• WHAT NEEDS TO BE DONE
Entries follow. Give back exactly the lines starting at the one containing "Figúrka Furyu Goddess" and ending at the one containing "إيكو ECCO Street Court M White", and no other lines.

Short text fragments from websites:
####
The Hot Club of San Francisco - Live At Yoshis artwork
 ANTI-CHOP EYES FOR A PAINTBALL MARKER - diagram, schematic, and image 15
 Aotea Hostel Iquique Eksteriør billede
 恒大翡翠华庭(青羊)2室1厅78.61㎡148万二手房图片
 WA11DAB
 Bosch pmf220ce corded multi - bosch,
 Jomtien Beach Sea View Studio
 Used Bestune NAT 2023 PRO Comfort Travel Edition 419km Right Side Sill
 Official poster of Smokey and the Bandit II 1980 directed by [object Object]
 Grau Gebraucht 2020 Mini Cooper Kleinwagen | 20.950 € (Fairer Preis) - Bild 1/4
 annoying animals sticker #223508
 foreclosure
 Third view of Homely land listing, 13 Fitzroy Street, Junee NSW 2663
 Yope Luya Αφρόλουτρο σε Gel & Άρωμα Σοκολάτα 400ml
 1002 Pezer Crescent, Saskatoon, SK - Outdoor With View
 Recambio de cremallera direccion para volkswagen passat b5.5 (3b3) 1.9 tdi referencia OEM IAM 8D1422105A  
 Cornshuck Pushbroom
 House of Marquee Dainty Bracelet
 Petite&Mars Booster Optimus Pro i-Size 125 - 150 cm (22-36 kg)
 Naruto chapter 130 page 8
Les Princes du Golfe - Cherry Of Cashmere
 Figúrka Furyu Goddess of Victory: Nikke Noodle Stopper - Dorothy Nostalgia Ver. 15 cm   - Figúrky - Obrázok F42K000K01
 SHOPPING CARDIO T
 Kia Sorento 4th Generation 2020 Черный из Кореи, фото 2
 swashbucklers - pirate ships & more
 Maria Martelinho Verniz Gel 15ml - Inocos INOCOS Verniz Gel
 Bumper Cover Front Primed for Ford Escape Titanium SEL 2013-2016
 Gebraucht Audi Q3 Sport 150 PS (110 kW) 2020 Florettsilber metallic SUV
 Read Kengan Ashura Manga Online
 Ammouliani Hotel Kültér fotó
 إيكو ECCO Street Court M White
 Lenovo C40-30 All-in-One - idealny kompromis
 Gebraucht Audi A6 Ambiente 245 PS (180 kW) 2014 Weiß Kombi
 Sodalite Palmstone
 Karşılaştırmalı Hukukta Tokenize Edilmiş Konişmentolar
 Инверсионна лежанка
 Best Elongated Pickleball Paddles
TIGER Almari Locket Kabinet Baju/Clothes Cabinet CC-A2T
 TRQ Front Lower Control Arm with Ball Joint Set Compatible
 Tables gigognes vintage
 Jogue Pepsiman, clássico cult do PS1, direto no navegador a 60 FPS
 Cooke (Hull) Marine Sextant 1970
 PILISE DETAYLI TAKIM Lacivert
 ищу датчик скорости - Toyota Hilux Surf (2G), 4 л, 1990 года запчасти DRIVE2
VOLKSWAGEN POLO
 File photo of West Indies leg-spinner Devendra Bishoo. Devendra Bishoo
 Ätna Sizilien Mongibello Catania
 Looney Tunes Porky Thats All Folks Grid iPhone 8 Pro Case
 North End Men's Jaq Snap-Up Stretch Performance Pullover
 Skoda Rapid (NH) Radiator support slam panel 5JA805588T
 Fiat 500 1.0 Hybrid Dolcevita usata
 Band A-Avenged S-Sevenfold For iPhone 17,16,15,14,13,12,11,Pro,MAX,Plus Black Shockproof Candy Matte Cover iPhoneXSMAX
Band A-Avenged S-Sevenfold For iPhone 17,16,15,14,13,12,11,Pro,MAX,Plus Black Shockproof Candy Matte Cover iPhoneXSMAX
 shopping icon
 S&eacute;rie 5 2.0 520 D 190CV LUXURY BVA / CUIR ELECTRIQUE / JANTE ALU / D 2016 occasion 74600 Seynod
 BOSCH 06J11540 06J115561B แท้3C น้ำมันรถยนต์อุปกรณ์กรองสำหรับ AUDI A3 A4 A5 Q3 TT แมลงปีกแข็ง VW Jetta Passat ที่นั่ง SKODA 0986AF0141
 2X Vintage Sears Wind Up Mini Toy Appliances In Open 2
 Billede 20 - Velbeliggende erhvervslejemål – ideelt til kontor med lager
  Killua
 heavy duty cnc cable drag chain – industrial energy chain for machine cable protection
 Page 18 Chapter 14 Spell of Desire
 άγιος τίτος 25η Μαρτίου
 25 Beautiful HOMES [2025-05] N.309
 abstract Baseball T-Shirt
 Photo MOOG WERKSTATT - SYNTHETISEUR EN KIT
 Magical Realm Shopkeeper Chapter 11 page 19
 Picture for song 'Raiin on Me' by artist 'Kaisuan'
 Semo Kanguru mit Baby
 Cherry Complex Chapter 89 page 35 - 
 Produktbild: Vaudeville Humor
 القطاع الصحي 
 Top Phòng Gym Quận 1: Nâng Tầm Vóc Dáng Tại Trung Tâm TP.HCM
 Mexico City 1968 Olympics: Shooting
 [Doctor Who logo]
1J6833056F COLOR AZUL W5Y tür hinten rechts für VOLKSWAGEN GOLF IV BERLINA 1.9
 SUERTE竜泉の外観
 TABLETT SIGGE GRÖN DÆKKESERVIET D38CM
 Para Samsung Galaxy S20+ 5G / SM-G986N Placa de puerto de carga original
####
• WRITTEN ANSWER
 Figúrka Furyu Goddess of Victory: Nikke Noodle Stopper - Dorothy Nostalgia Ver. 15 cm   - Figúrky - Obrázok F42K000K01
 SHOPPING CARDIO T
 Kia Sorento 4th Generation 2020 Черный из Кореи, фото 2
 swashbucklers - pirate ships & more
 Maria Martelinho Verniz Gel 15ml - Inocos INOCOS Verniz Gel
 Bumper Cover Front Primed for Ford Escape Titanium SEL 2013-2016
 Gebraucht Audi Q3 Sport 150 PS (110 kW) 2020 Florettsilber metallic SUV
 Read Kengan Ashura Manga Online
 Ammouliani Hotel Kültér fotó
 إيكو ECCO Street Court M White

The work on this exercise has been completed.